Genuine commercial exploitation of a trademark can also be shown when a position trademark is used in combination with other graphic elements.

Deichmann SE v EUIPO, judgment of the General Court of 17 January 2018 (Case T-68/16)

Apart from the types of trademarks most commonly used in commerce to indicate the origin of goods (word, figurative or word/figurative), unconventional trademarks include “position” trademarks connected with where they are placed on the product.

Neither the current Trademark Regulation ((EU) 2017/1001) nor the prior regulation ((EC) 207/2009) mentions position trademarks as a special category of trademarks. According to the case law, “‘positional’ marks are similar to the categories of figurative and three-dimensional marks as they relate to the application of figurative or three-dimensional elements to the surface of a product” (T-547/08, X Technology Swiss).

In practice, it is accepted that an application for registration of a position trademark should express the mark in a manner reflecting the actual placement on the product. The contours of the mark, i.e. the protected graphic element, should be indicated by a solid line, and the contours of the product the mark is placed on should be indicated with a dotted line (e.g. instructions from the Polish Patent Office).

This was how the Spanish company Munich SL filed a trademark in 2002 with what is now the European Union Intellectual Property Office for sports footwear (class 25), classified as a figurative mark, presenting two crossed stripes on the outside surface of the upper of the sports shoe, without a sole.



In 2011 the German shoe manufacturer Deichmann SE filed an application for revocation of the mark under Art. 51(1)(a) of Regulation 207/2009 on the ground that the mark had not been put to genuine use in the European Union in connection with the goods in respect of which it had been registered.

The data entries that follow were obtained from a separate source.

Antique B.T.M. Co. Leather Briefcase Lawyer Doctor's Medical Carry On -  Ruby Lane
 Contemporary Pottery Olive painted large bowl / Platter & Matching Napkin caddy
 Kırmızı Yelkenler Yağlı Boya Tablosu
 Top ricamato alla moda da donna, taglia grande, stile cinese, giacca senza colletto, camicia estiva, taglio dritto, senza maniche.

The Cancellation Division at EUIPO agreed with the applicant, finding that evidence of use concerned forms differing from the mark at issue, with elements altering the distinctive character of the mark within the meaning of Art. 15(1)(a) of Regulation 207/2009. The revocation decision was thus issued due to the lack of genuine use of the mark.

The Board of Appeal at EUIPO disagreed and annulled that decision. It found that the decisive factor for the scope of protection of the mark is not the categorisation of the sign in question as a figurative or position sign, but the nature of the sign as registered. The disputed mark was “designed to protect a specific cross-shaped pattern placed on a specific part of the surface of the designated product, namely, a sports shoe.” As the differences between the registered mark and the mark as used were “negligible” and “barely noticeable if at all,” the evidence of use indicated use of the disputed trademark for sports shoes.

From there, the dispute reached the General Court at the Court of Justice of the European Union. The key to the case was determining the nature of the disputed trademark and the consequences that flowed from that. Deichmann SE alleged in its complaint that the disputed mark could not be regarded as a position mark because it was filed and registered as a figurative mark, presenting the contours of a sports shoe without a sole with two crossed stripes on the side. The rights to the figurative mark should thus be found to be extinguished because the mark was not used in commerce in the form it was registered in.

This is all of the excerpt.